** DATA RECORDS follows **
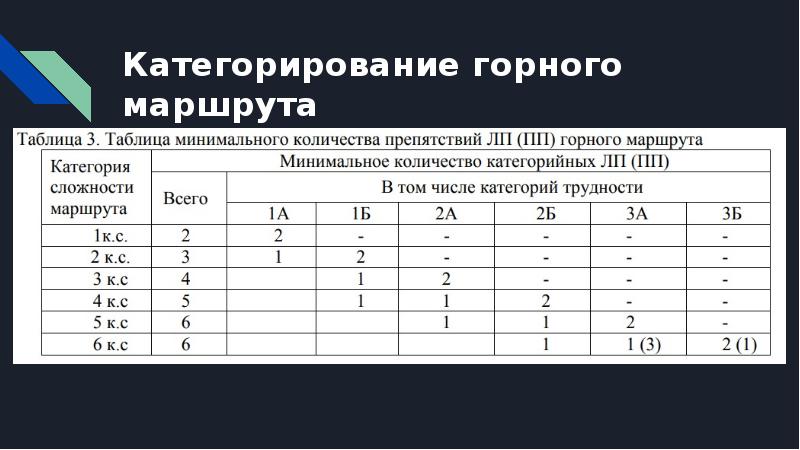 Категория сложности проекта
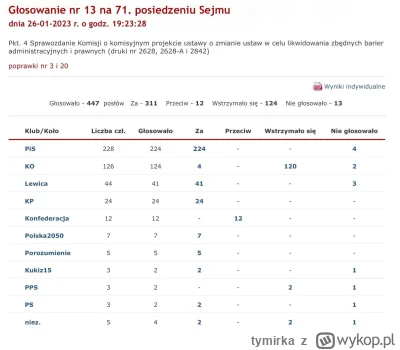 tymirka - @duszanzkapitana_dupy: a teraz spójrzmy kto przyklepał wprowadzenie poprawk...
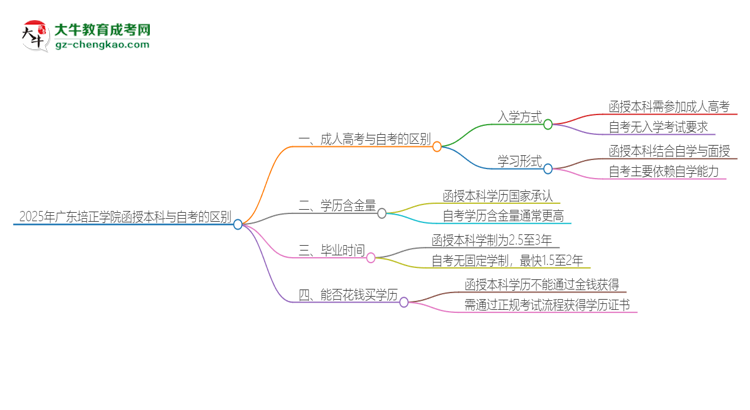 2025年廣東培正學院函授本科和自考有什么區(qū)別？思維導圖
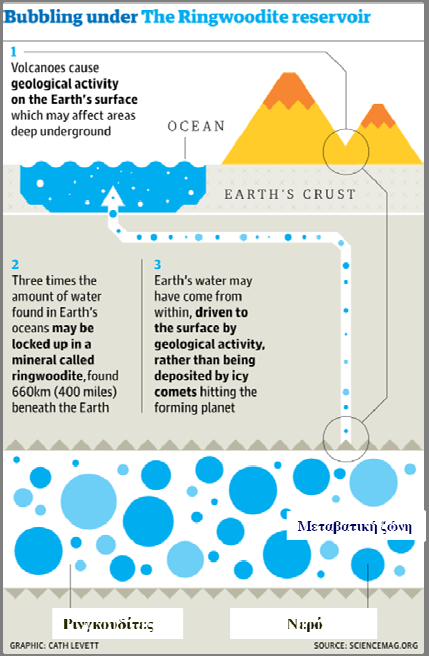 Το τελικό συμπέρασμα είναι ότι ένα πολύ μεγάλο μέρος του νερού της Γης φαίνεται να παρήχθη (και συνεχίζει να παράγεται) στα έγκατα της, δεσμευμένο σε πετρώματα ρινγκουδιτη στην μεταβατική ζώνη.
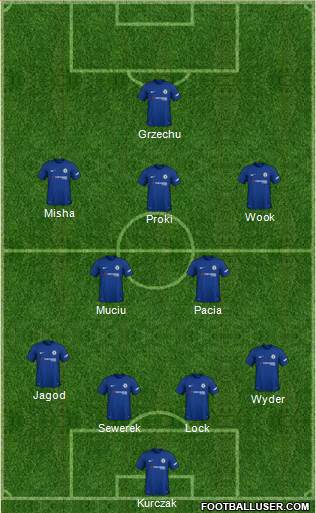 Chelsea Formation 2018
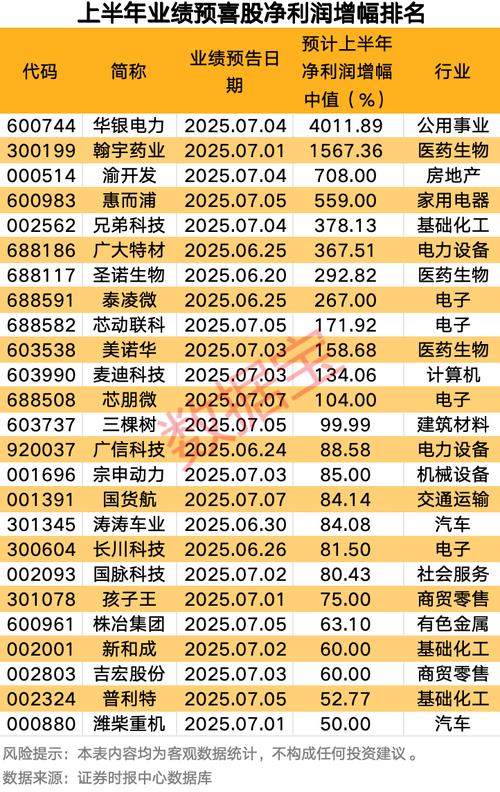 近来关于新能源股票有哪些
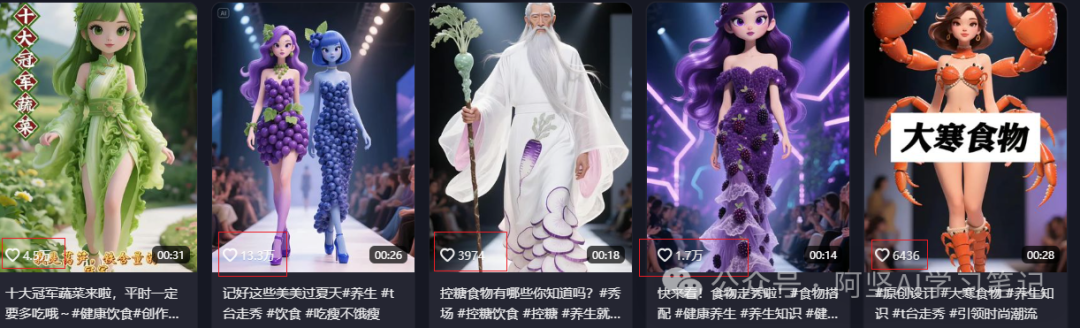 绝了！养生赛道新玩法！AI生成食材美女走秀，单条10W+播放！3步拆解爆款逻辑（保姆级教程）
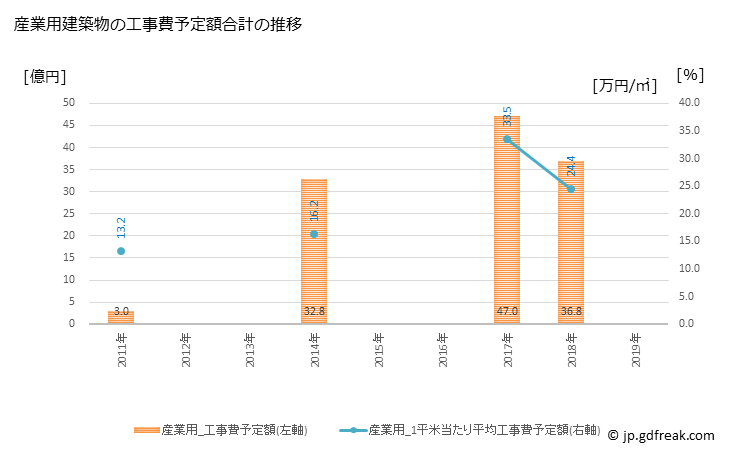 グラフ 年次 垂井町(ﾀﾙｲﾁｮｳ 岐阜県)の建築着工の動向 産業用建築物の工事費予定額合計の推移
** End of DATA RECORDS **
▶ _WORK TO COMPLETE_:
Only the lines from the one containing "近来关于新能源股票有哪些" through the end of the records above should be retyped, exactly as they stand, with any pictures left out.

▶ _ANSWER BELOW_:
 近来关于新能源股票有哪些
 绝了！养生赛道新玩法！AI生成食材美女走秀，单条10W+播放！3步拆解爆款逻辑（保姆级教程）
 グラフ 年次 垂井町(ﾀﾙｲﾁｮｳ 岐阜県)の建築着工の動向 産業用建築物の工事費予定額合計の推移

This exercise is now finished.